Au moment où les marques multiplient les usages de l’intelligence artificielle, une nouvelle étude de YouGov et Meltwater envoie un message sans ambiguïté : au Canada comme en France, la transparence n’est plus une option. Le rapport indique que 86 % des répondants dans chacun des deux pays jugent important qu’un contenu généré par l’IA soit clairement signalé
Cette attente repose sur un climat de méfiance bien réel. Dans le cas canadien, le communiqué de presse mettait déjà en évidence une forte inquiétude face à l’essor de l’IA dans la vie quotidienne. Le rapport montre aussi qu’au Canada 66 % des répondants pensent pouvoir reconnaître un contenu généré par l’IA, contre seulement 48 % en France, ce qui suggère un niveau de confiance nettement plus élevé ici qu’outre-Atlantique
Mais cette confiance relative ne change pas le fond du problème. Dans les sept marchés étudiés, 87 % des répondants disent craindre qu’il devienne difficile de distinguer ce qui est réel de ce qui est fabriqué par l’IA, et le rapport rappelle que les préoccupations liées à la désinformation, aux arnaques et aux contenus trompeurs demeurent très élevées Pour les marques, cela signifie qu’utiliser l’IA sans l’indiquer clairement risque d’alimenter encore davantage le doute.

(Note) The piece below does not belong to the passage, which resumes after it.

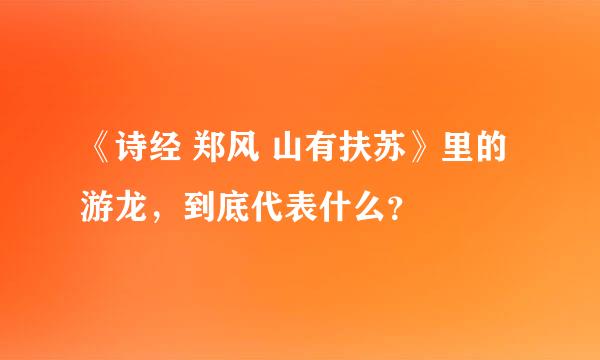 《诗经 郑风 山有扶苏》里的游龙，到底代表什么？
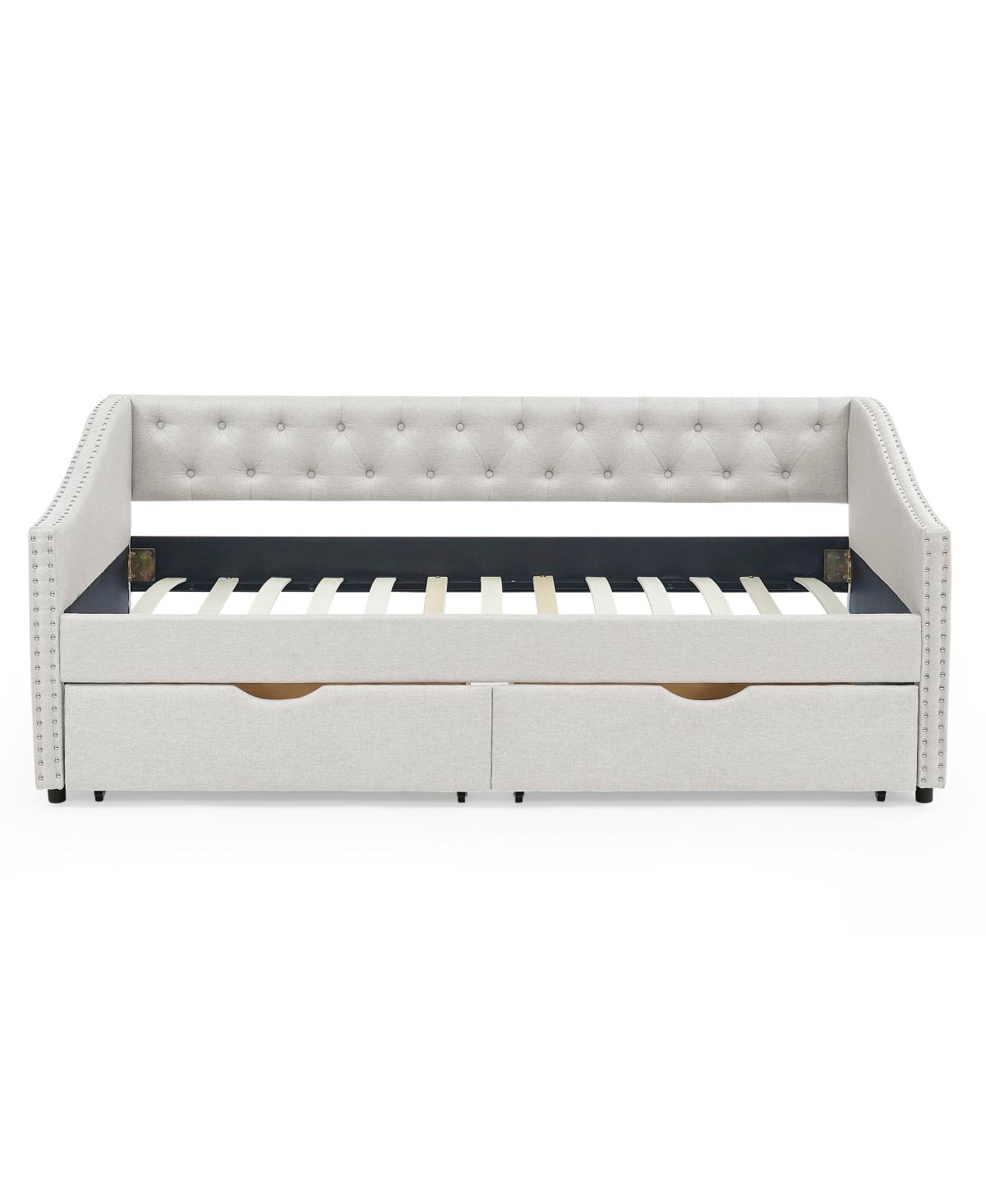 Streamdale Furniture Upholstered Twin Size Daybed with Drawers, Beige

Le Canada et la France se rejoignent aussi sur le terrain de la régulation. Les deux pays affichent exactement le même niveau d’appui à un encadrement gouvernemental plus fort sur l’usage et la divulgation de l’IA générative, soit 86 % des répondants Ce chiffre montre que, des deux côtés de l’Atlantique, le public ne veut pas seulement de la bonne volonté de la part des entreprises, mais aussi des règles du jeu plus claires.
La différence entre les deux marchés apparaît toutefois lorsqu’on regarde le rapport à l’IA dans l’information. En France, 30 % des répondants jugent acceptable l’usage de l’IA dans les contenus journalistiques, contre 26 % au Canada L’écart reste modeste, mais il montre que les Français se révèlent légèrement plus ouverts à l’idée d’un journalisme assisté par l’IA. Cela dit, dans les deux pays, une majorité continue de rejeter cette perspective, preuve que la crédibilité de l’information demeure étroitement liée à l’intervention humaine.
Autre point intéressant, la France fait partie des marchés où certaines inquiétudes sont un peu moins fortes que dans d’autres pays, notamment sur les pertes d’emplois créatifs ou sur la difficulté à distinguer les contenus humains des contenus générés par l’IA. Mais cette nuance ne doit pas masquer l’essentiel : la majorité des répondants français, comme des Canadiens, reste préoccupée par les usages trompeurs ou opaques de l’IA
On peut aussi lire ces résultats comme un avertissement pour les services de communication et les agences. Pendant des années, la rapidité de production a souvent été présentée comme l’un des grands avantages de l’IA générative. Or, l’étude rappelle qu’à l’échelle des sept marchés, 71 % des répondants jugent les contenus générés par l’IA moins authentiques et 76 % les trouvent moins personnels Autrement dit, le gain d’efficacité ne suffit pas à lui seul à créer de la confiance.
La méthodologie donne du poids à ces résultats. L’enquête YouGov a été menée en ligne du 26 février au 5 mars 2026 auprès de 9 869 adultes dans sept marchés, avec au moins 1 050 répondants par pays, dont le Canada et la France. À cela s’ajoute une analyse de Meltwater fondée sur plus de 150 millions de mentions en ligne liées à l’IA générative sur douze mois
Conclusion, le message venu du Canada et de la France est semblable : l’IA peut avoir sa place dans les communications, le marketing et certains contenus, mais pas à visage couvert. Pour les entreprises, l’enjeu n’est plus seulement d’utiliser l’IA efficacement. Il est de le faire ouvertement.